Ein Edelstein auf den Spuren von Schrödingers Katze: Physiker haben einen 16 Mikrogramm schweren Saphir in eine Überlagerung zweier Schwingungszustände versetzt. Ein neuer Rekord.
Schrödingers Katze
Im Jahr 1935 beschrieb der Physiker Erwin Schrödinger ein Gedankenexperiment. Darin wird eine Katze in einen Zustand gebracht, in dem sie gleichzeitig tot und lebendig ist – zumindest solange man nicht nach ihr sieht.

Ein 16 Mikrogramm schwerer Saphir-Kristall ist das bisher größte Objekt, das jemals in einer quantenmechanischen Überlagerung zweier Schwingungszustände existierte. Ein Team um Matteo Fadel von der ETH Zürich regte den Kristall zu Vibrationen an, bei denen die Atome hin- und herschwingen – in der so genannten Superposition schwingen sie gleichzeitig in zwei entgegengesetzte Richtungen. Wie die Arbeitsgruppe in »Science« berichtet, entspricht dieser Zustand dem Gedankenexperiment von Schrödingers Katze, die abhängig von dem Zerfall eines Atoms, das eine Giftampulle zerstört, gleichzeitig lebendig und tot ist. Solche makroskopischen »Katzen-Zustände« sollen dabei helfen, zu ergründen, wie und warum die Gesetze der Quantenwelt bei größeren Objekten in die Regeln der klassischen Physik übergehen.

Um den aus rund 1017 Atomen bestehenden Saphir (die Katze) dazu zu bringen, sich wie ein quantenmechanisches Objekt zu verhalten, versetzte die Arbeitsgruppe ihn in Schwingungen und koppelte ihn an einen supraleitenden Schaltkreis (das Atom aus Schrödingers Gedankenexperiment). Dieser entspricht einem Qubit: Er befindet sich also gleichzeitig in den Zuständen »0« und »1«. Die Überlagerung überträgt sich dann auf die Schwingung des Kristalls: Somit können sich die Atome im Kristall in zwei Richtungen gleichzeitig bewegen, etwa nach oben und unten – ebenso wie Schrödingers Katze gleichzeitig tot und lebendig ist. Wichtig dabei ist, dass der Abstand zwischen den zwei Zuständen größer ist als durch die quantenmechanische Unschärfe.
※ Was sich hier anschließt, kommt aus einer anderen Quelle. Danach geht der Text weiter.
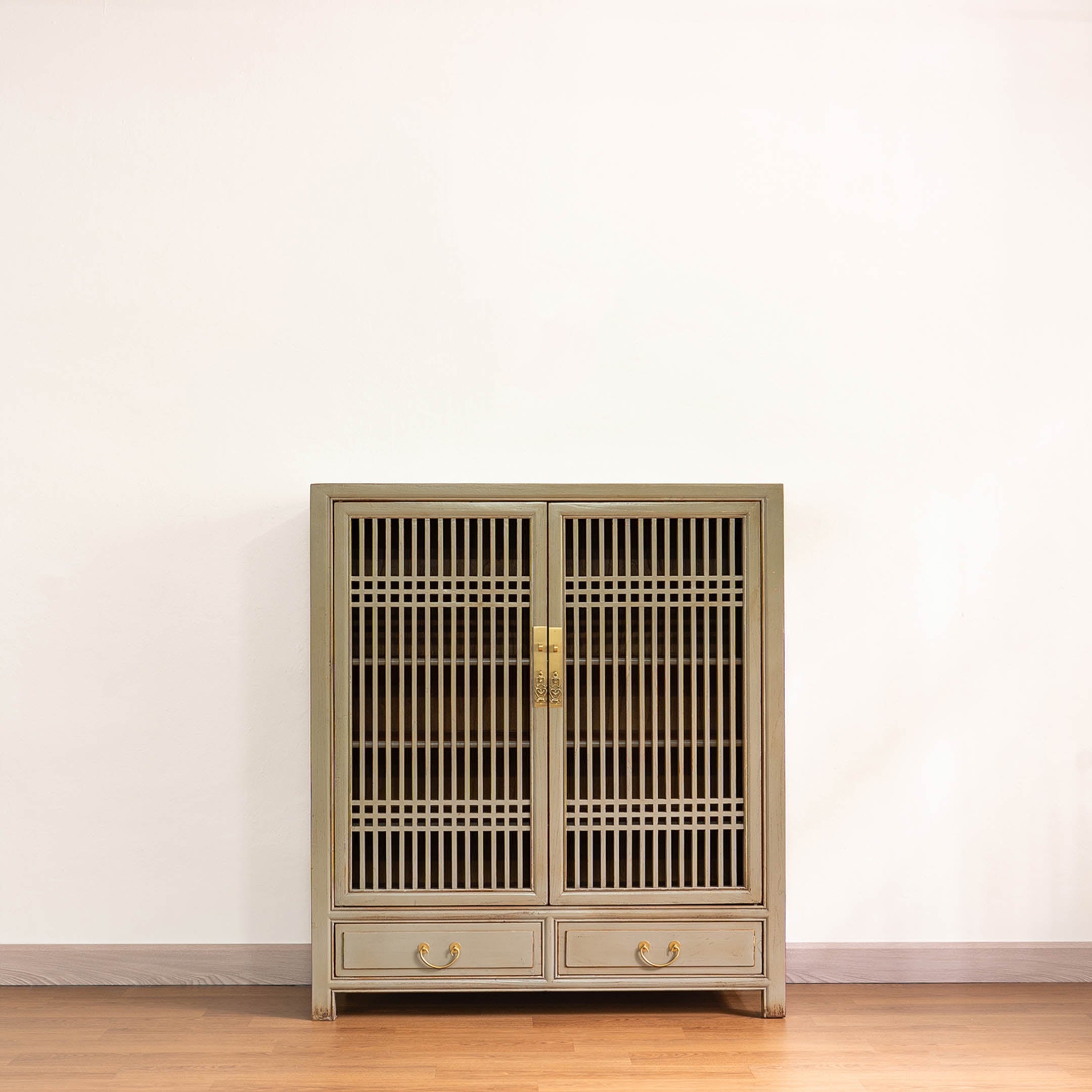 Traditional Lattice Door Cabinet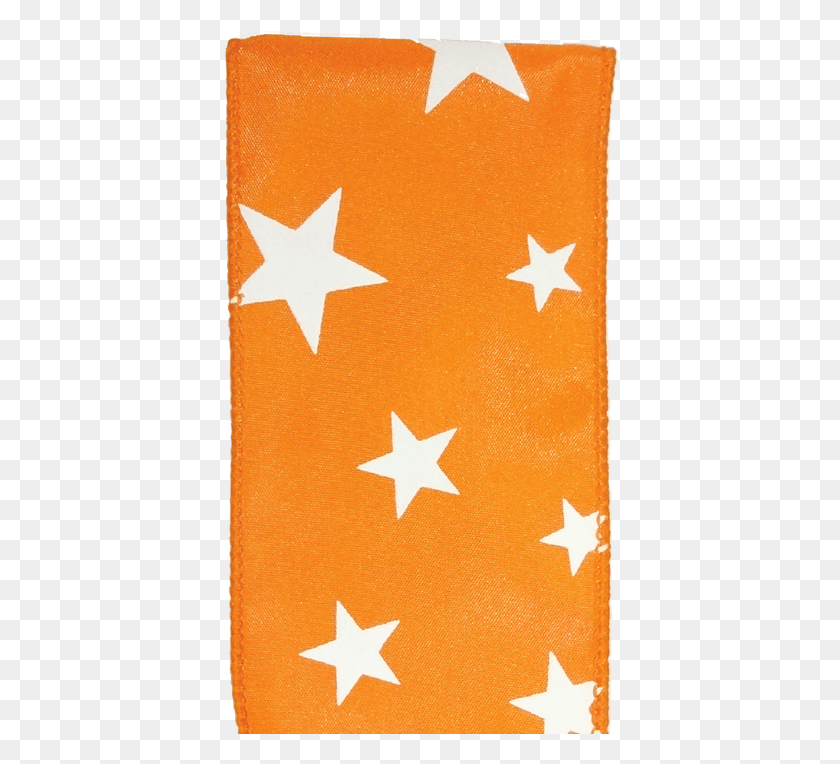 397x704 Wired Spirit Star Ribbon Orangewhite 10 Yd, Star Symbol, Symbol, Rug Descargar Hd Png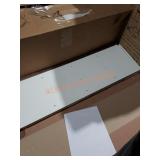 White cube shelving unit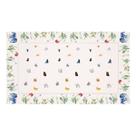 Toalha de Mesa Retangular Linho 8 Lugares Borboletas no Jardim 146x280cm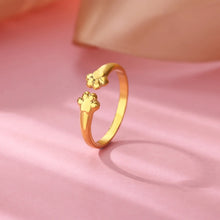 Load image into Gallery viewer, Stainless Steel Zircon Geometric Rings For Women Luxury Evil Eye Gold Color Adjustable Trendy Wedding Aesthetic Jewerly Gift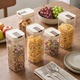 五谷杂粮易扣密封罐零食干货防潮防虫储物罐厨房可叠加收纳盒塑料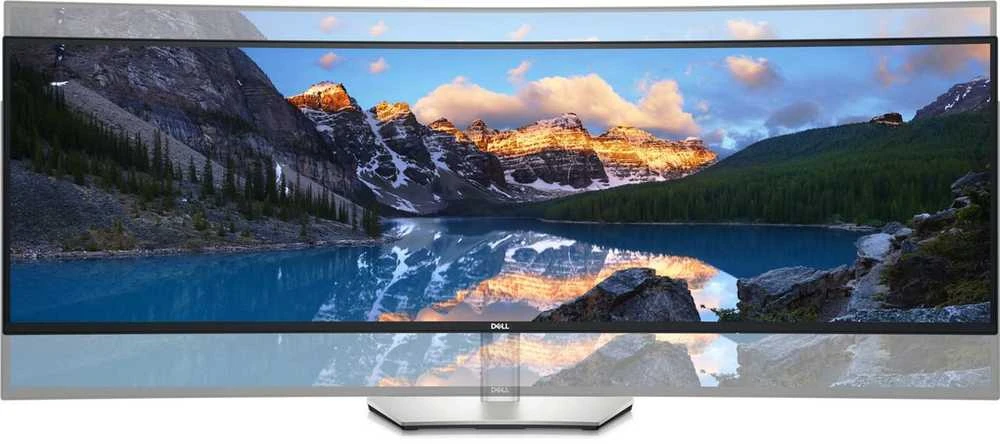 Monitorius Dell UltraSharp U4924DW, 49" Dual QHD (5120x1440) lenktas, IPS Black, 32:9, 60Hz, USB-C 90W, KVM, garsiakalbiai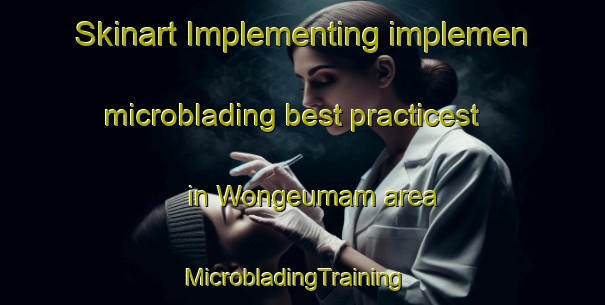 Skinart Implementing implemen microblading best practicest in Wongeumam area | MicrobladingTraining | MicrobladingClasses | SkinartTraining-Korea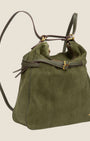 Borsa multifunzionale in camoscio Verde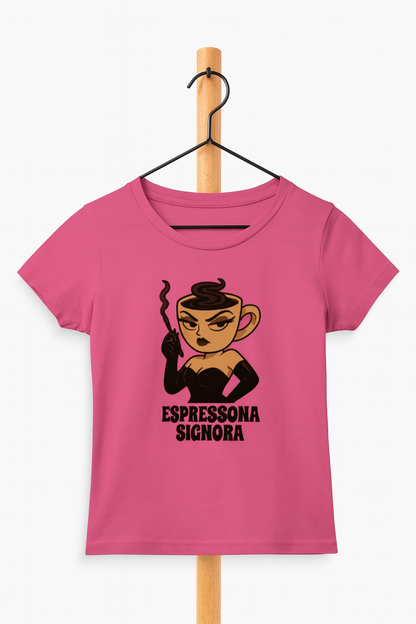 Girl's Crew Neck Espressona Signora T-Shirt
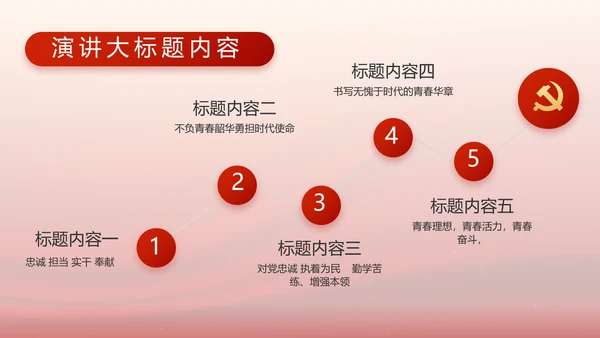 红色大气党建党支部工作汇报PPT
Mit dem supraleitenden Qubit gelang es den Forschern auch, die Distanz zwischen den beiden Schwingungszuständen des Kristalls zu bestimmen. Mit bloß einem milliardstel Nanometer ist der Abstand zwar winzig – aber immerhin groß genug, um die beiden Zustände zweifelsfrei voneinander zu unterscheiden.
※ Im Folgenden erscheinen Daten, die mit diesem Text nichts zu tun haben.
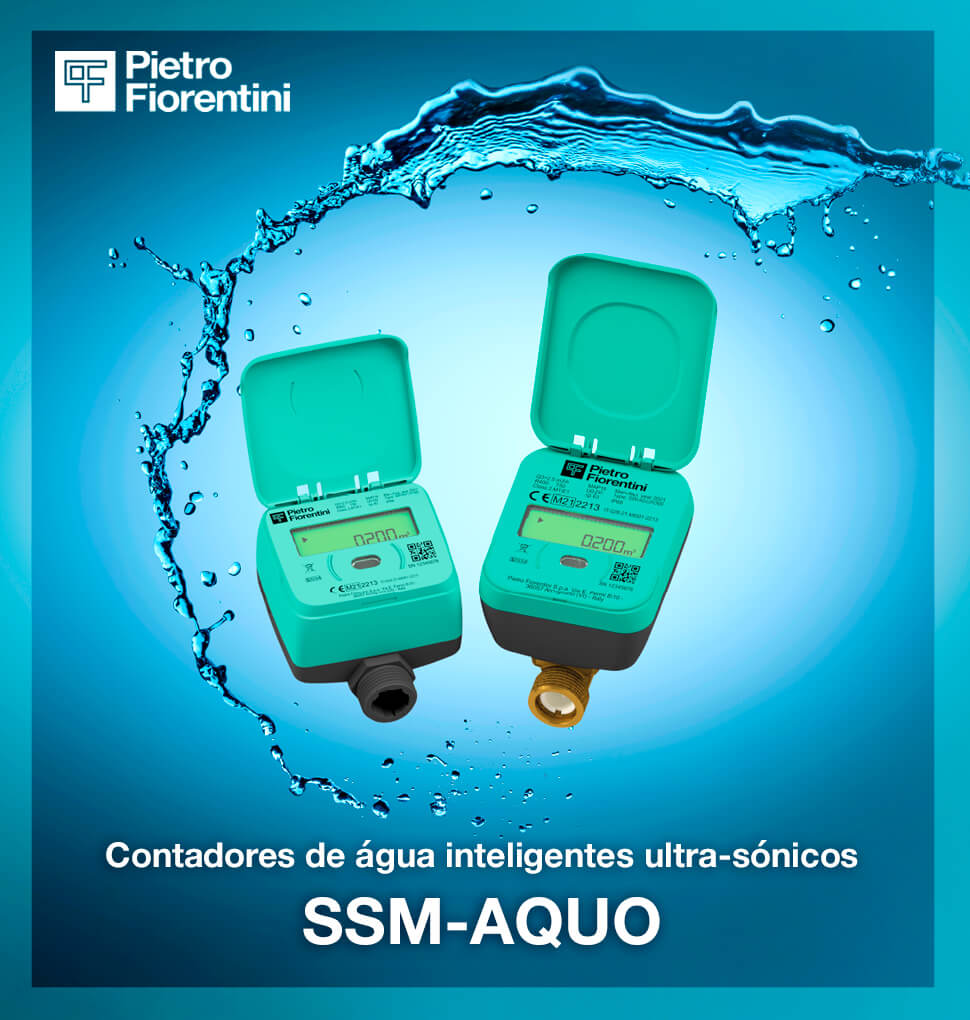 Contadores de água inteligentes SSM-AQUO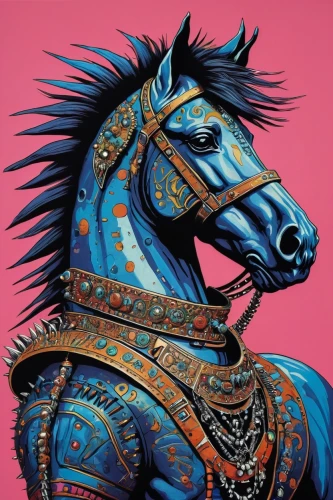 colorful horse,painted horse,unicorn art,cheval,chevaux,equine,hussar,black horse,arabian horse,unicorn,carnival horse,darkhorse,horse,caballo,maharana,andalusian,cavalry,equestrian,lusitanos,pegasys,Conceptual Art,Sci-Fi,Sci-Fi 18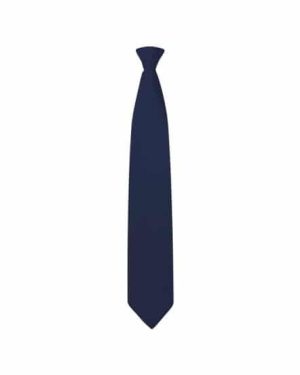 Clip on Tie Unisex Royal Blue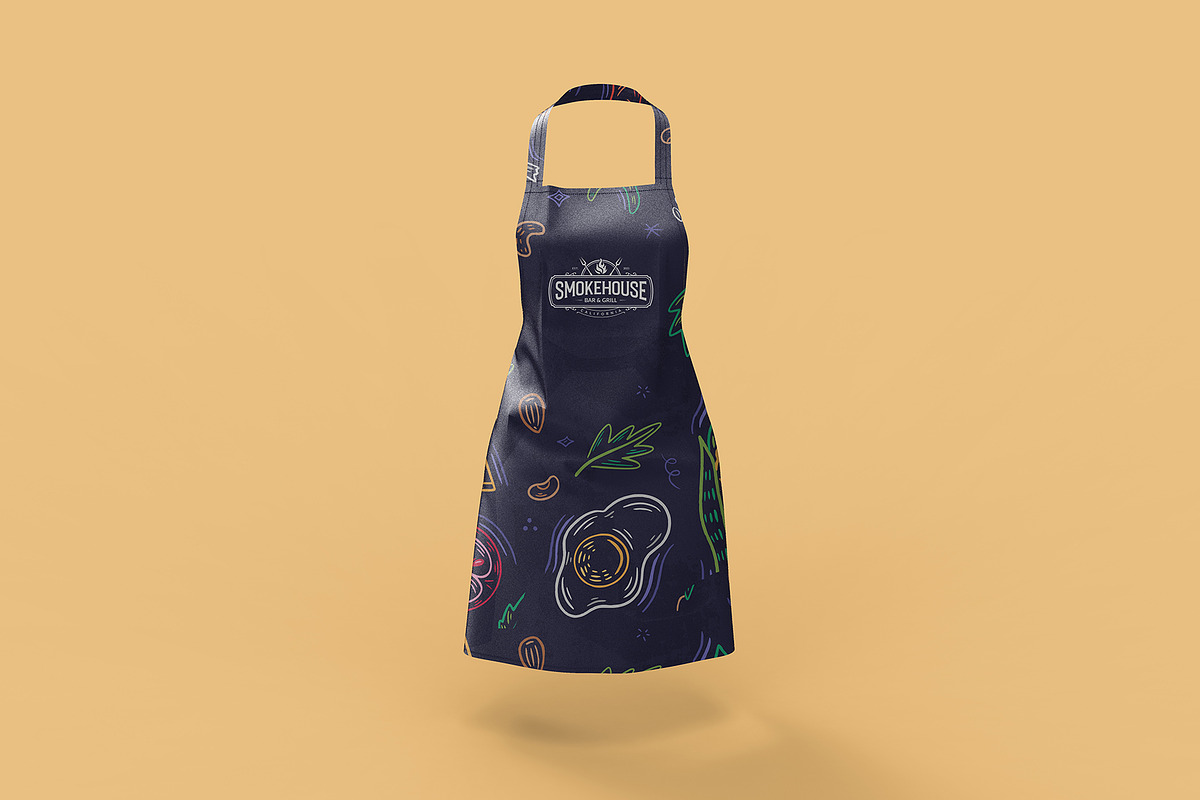 Beauty Apron Mockup Full Editable, a Merchandise Mockup by Graphicboom (Photo 4 of 4)
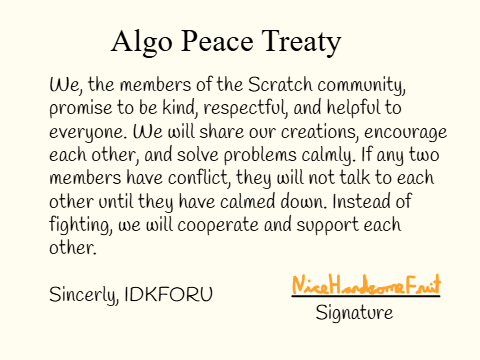 Algo Peace Treaty Signature
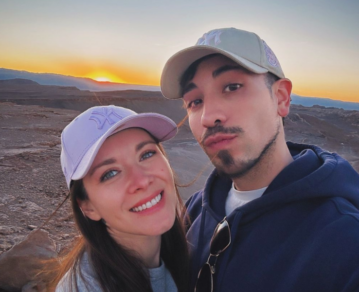 Las fotos de la romántica escapada de Carla Jara y Diego Urrutia por las alturas nortinas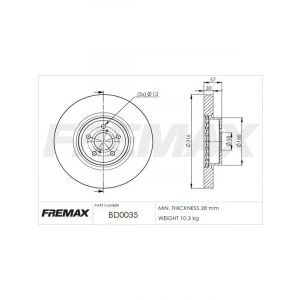 Fremax Brake Disc Front Each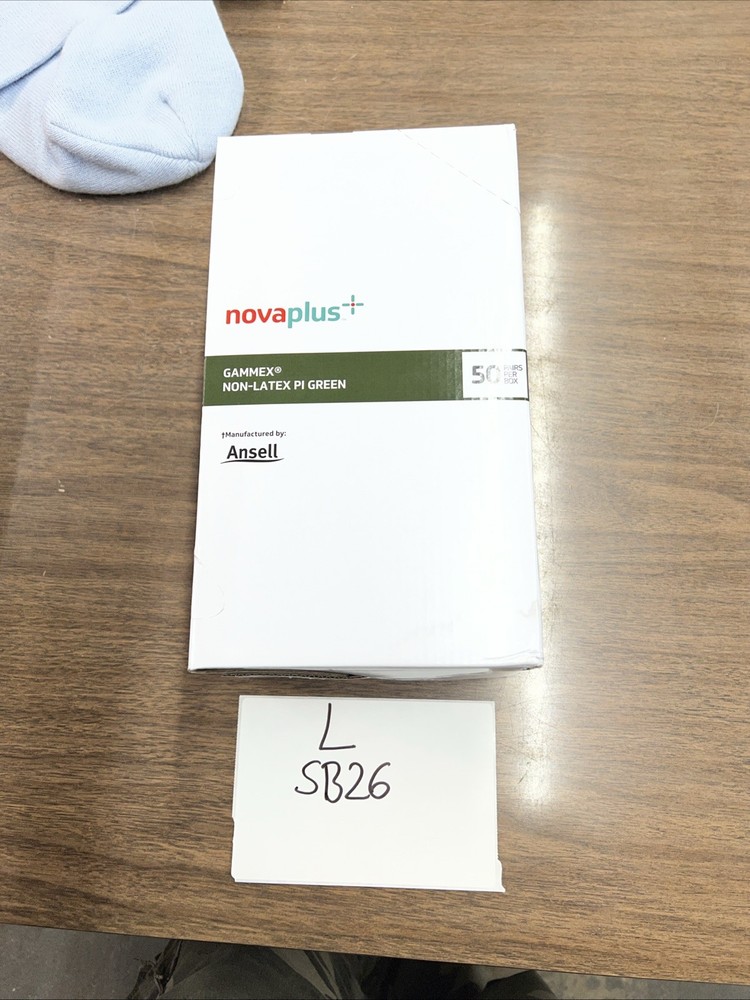 *50-Pairs* Ansell Gammex Non-Latex PI Green PF Size-7.0 Gloves Box 20685270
Bei quantenmechanischen Objekten sind solche Überlagerungen aus klassisch unvereinbaren Zuständen üblich. Makroskopische Objekte aus sehr vielen Atomen dagegen gehorchen normalerweise der klassischen Mechanik, sie können nicht zwei widersprüchliche Zustände gleichzeitig annehmen. Ebenso wenig, wie eine Katze zugleich lebendig und tot sein kann, kann ein Kristall gleichzeitig nach oben und unten schwingen. Das große Rätsel dabei ist jedoch, warum er das im Regelfall nicht kann. Denn egal, wie groß ein Gegenstand ist, er setzt sich aus Atomen und subatomaren Teilchen zusammen, die den Regeln der Quantenphysik gehorchen.
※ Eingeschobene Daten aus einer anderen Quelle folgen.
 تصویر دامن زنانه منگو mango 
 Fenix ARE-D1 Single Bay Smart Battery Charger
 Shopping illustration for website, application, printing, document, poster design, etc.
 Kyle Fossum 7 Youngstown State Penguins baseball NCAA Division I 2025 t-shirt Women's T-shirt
Es gibt eine ganze Reihe möglicher Erklärungen, warum große Objekte das nicht tun. Etwa, weil mit zunehmender Zahl der Atome auch immer mehr Einflüsse quantenmechanische Zustände zerfallen lassen. Oder auch, dass die Schwerkraft eine Rolle spielen könnte. Die Hoffnung ist, dass immer größere »Katzen-Zustände« dazu beitragen können, das Rätsel um Schrödingers Katze schließlich zu lösen. Daneben sind stabile, kontrollierbare makroskopische Quantenzustände zudem technisch interessant, zum Beispiel für Fehlerkorrekturverfahren in den immer komplexer werdenden Quantencomputern.